We felt the need to push towards the moral center after the Clinton years. The economy was good, foreign relations were excellent, but he couldn’t keep his Johnson in its office. So, logically, since Clinton was a philanderer, we turned the house and Senate over to the Republicans during midterm elections. Then, we elected Bush into office, and he did whatever he did that has people giving him those horrendously low approval ratings. As a result, during the 2006 mid-term elections, the tides changed from Republican to Democrat inside the great walls of Washington once more.

The Democrats, who got in mainly on the growing disfavor over the police action in Iraq, have the power to declare the presidents time is up on his bombing rampage, but the results might be disastrous for many if this occurs. If a vote to withdraw troops leads to serious civil distress in the middle east, if there is another extremist terrorist attack here or abroad, then they may lose their chance to take the white house in the next presidential election. Also, they have their allies to think of. Where would it leave those backing us in Iraq if there was a sudden withdraw?
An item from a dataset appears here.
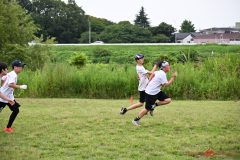 e-jhs_0712-152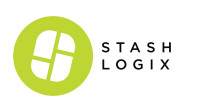 Stashlogix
If Democrats start trying to reform welfare or healthcare, it will most likely be shot down by the executive branch. So the Democrats are doing what they can, flooding the media with exciting news of their presidential hopefuls; a young black man and a white woman wronged by her husband. They are setting themselves up as the friendly moderate voice of diversity and giving Bush and the others just enough rope to hang themselves. The 2006 election was a great thing for women everywhere because this shift produced the first woman Speaker of the House. I, being a woman, felt a great swell of pride as I stayed up all night and into the early hours of the morning, watching the votes come in. I watched history happen. Still, it doesn’t really make me happy that people get so excited about this or that ruling party. It’s not blue or red that matters, it is the people that those colors represent.
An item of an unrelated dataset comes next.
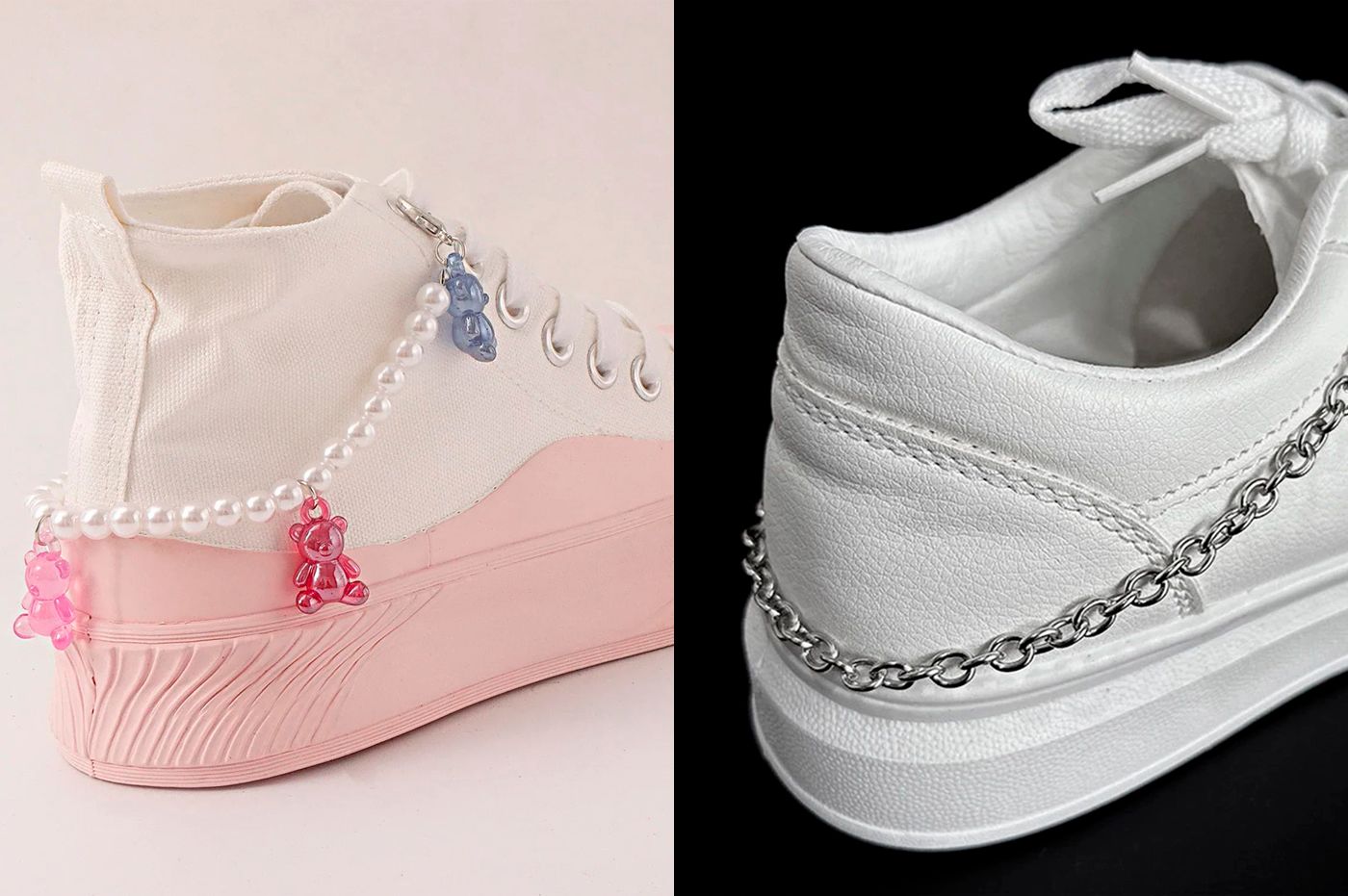 украшение 5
Everyone wants about the same thing; clean air and water, good schools, health, and a strong economy with no poverty or unemployment. Everyone needs to listen to the candidates, do research and refuse to simply accept party rhetoric. Or, you could keep voting out whoever is in office until satisfied with the government you have.

People tend to vote blindly down party lines or not vote. This generation seems especially bad at fulfilling their civic honor. Senator Les Miller said that people gave their blood so that we could vote. Someone once said that “someone who does not vote is no better off than someone who can not vote.” The problem is that I feel that casting my ballot has done little.
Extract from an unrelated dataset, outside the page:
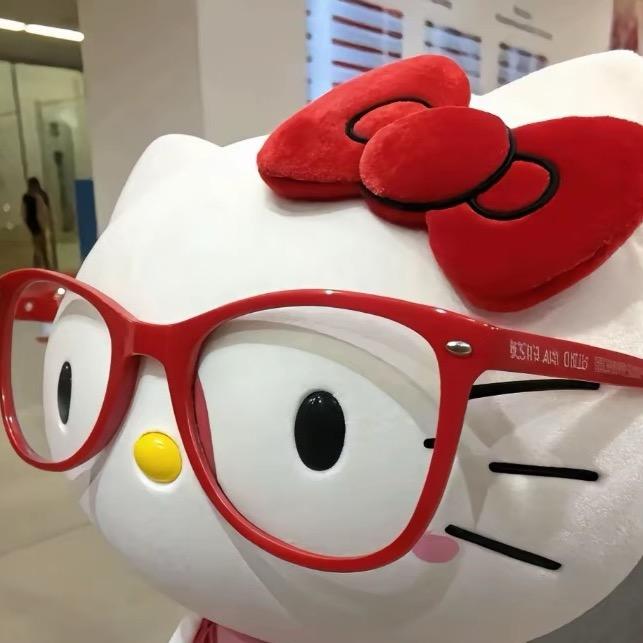 禹城首家清真酥皮火烧*甜水面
This generation has the burden of knowledge; we know that countless men have died on foreign soil for murky causes, we know that we have a failed healthcare system, we know about the prison industrial complex and the military industrial complex, we know how much money is tacked on to bills for causes that do not benefit the whole of society, we know how politicians line their pockets with the money of lobbyists and vote when we aren’t looking. Still, we are sold politicians like we are sold cereal, with cartoons and gimmicks. I try to give hope by saying that the greatest of changes take time and persistence. This is a sound byte, drive through, flip through the channels kind of time. This is a society that is driven by a cluttered manic media. It is Orwellian; the amount of pure propaganda and marketing that reaches us each day. It streams in over the radio, television, billboards, movies, news, books, newspapers, and magazines. We get a million thoughts a day, and just about all of them are more interesting than watching Congress in session on C-SPAN. We can not let ourselves be distracted, depressed or disinterested. We must make the effort to get involved in any way we can. Shift happens.